Escribo estas líneas cuando aún distan de haberse esclarecido todos los extremos de la masacre de Niza de la noche del 14 de julio. Asisto a un debate encendido entre quienes siguiendo la versión oficial dada desde los primeros instantes asumen que se trata de un ataque terrorista y quienes a la luz de los detalles que se van sabiendo del atacante (antecedentes por delincuencia común, en trámites de separación, no muy religioso en sus costumbres y con un reciente incidente viario por quedarse dormido al volante) optan por deducir que se trata de un aparatoso suicidio por motivos personales, impregnado acaso de un vago rencor hacia el género humano, pese a arrollar a decenas de inocentes con un camión alquilado y en lugar y fecha nada casuales.
No es momento ni existe ninguna necesidad de precipitarse a concluir nada.
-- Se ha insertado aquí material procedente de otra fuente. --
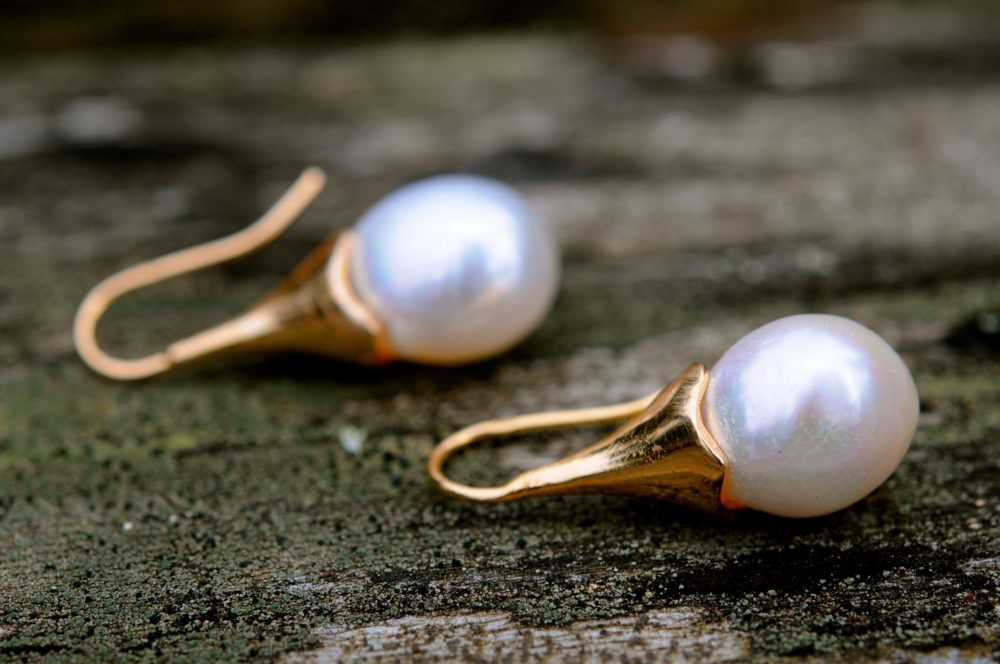 classic white pearl drop earrings, large teardrop pearl earrings on gold, timeless elegance/glamor, stunningly beautiful, mother's day gift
Pronto, quizá en lo que media entre la escritura de esta columna y su lectura, aparecerán indicios que lleven a sustentar, o no, una u otra teoría: las comunicaciones de su teléfono móvil, su historial de internet, etcétera. Por ahora, todo es aún posible, por extraño que parezca: desde que sea un yihadista singularmente hábil que logró ocultar sus huellas a quienes debían haberle interceptado, hasta que se trate, en efecto, de un tipo deprimido que acertó a maximizar con rara eficacia el estrago que podía causar en el acto de quitarse de en medio.
Sea una u otra la versión que finalmente registre la Historia, llama la atención que los vecinos del barrio de Niza donde vivía digan que era un hombre “malo y solitario”. Y es que quizá en ese juicio, aunque se base en algo tan superficial como la observación exterior del vecindario, se insinúe alguna de las claves que permiten entender la mecánica de algo tan incomprensible: cómo alguien puede celebrar la fiesta nacional del país que lo acoge y le da empleo y techo barriendo de gente con un tráiler la principal avenida de su ciudad. Se pruebe o no la conexión yihadista, aquí hay algo más que un desarreglo puramente individual, un cortocircuito de un ejemplar defectuoso de la especie humana. Aquí hay algo que va más allá de Mohamed Lahuaiej Bouhlel, el sujeto que condujo durante dos kilómetros un camión asesino hasta que la policía lo pudo parar a balazos.
El acto, premeditado cuidadosamente, como lo prueba el camión alquilado días antes y la búsqueda de la coyuntura donde la mortandad podía ser mayor, así como del resquicio por el que colar en ella semejante bestia motorizada, sugiere un nihilismo radical y demente. Y es que sólo con una mente reducida a nada puede afrontarse una misión así, ya sea impuesta por uno mismo o por otro o, no descartemos esta posibilidad intermedia, por uno mismo recogiendo el guante de odio lanzado por otro que anima a quienes quieran oírle a matar. El culpable es quien mata o anima, pero ese nihilismo devastador es el combustible, y visto lo que desencadena, urge aprender a neutralizarlo.